- Presented by: Bill "Wee Willie" Webber
- Country of origin: United States
- No. of seasons: 10
- No. of episodes: 2,500

Production
- Running time: 3–4 hours

Original release
- Network: WPHL-TV
- Release: 1965 – 1975

= Wee Willie Webber Colorful Cartoon Club =

The Wee Willie Webber Colorful Cartoon Club is an after-school local children's television program which aired on WPHL-TV in Philadelphia, Pennsylvania for 10 years from 1965 to 1975. It was hosted by local Television/Radio personality Bill "Wee Willie" Webber. Webber was the first voice and face of WPHL-TV when it signed on the air on September 17, 1965. The show ran for 3–4 hours in the late afternoon (typically 3:00 PM–6:00 PM) and was one of the first successful programs on UHF.

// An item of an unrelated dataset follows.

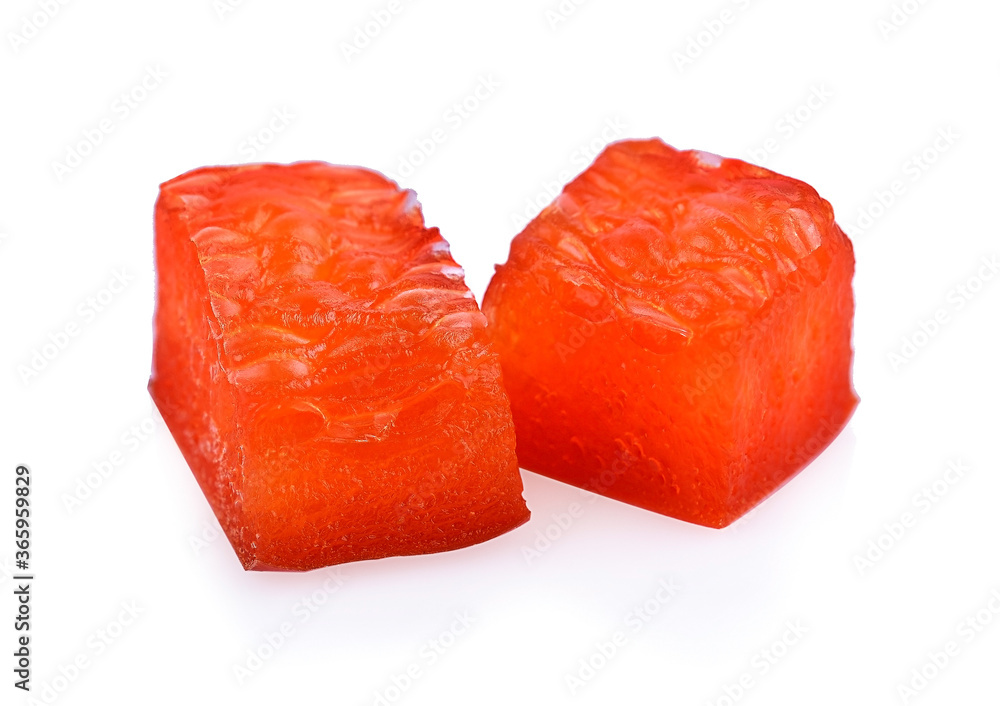 red pepper isolated on white background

Webber introduced a variety of Japanese anime cartoons, including 8th Man, Astro Boy, Marine Boy, Prince Planet, Kimba the White Lion and Speed Racer. Other shows included Ultraman, Spider-Man, The Patty Duke Show, The Brady Bunch, Gilligan's Island, The Man from U.N.C.L.E., Voyage to the Bottom of the Sea, The Friendly Giant, Casper the Friendly Ghost, Milton the Monster, Rocket Robin Hood, George of the Jungle, The High Chaparral, The King Kong Show, Buck Rogers, The Three Stooges, The Lone Ranger and Daniel Boone. The theme song for the program was "Yakety Sax" by Boots Randolph.

Once a week, the show featured a live studio audience of kids. This "Peanut Gallery" played games on-air, including Musical Chairs, and won prizes for telling jokes or attempting to whistle after stuffing their mouths with Ritz Crackers. At the height of the show's popularity, there was a one-year waiting period to get a ticket.

Regular characters on the show included a bear puppet named Ralph, Charlie ChinChopper (eyes drawn on Webber's chin, then the image inverted via a set of mirrors), and the Bluebird of Happiness. Webber often took the show on the road, broadcasting from various locations, including Willow Grove Park, Dorney Park & Wildwater Kingdom, Hershey Park, the Mann Recreation Center, Hawaii and Rome, Italy. In 1970, the show traveled to Bavaria Film Studios in Munich, Germany for a behind the scenes look at the filming of Willy Wonka & the Chocolate Factory.

From 1976 to 1979, Webber hosted a similar show on WKBS-TV.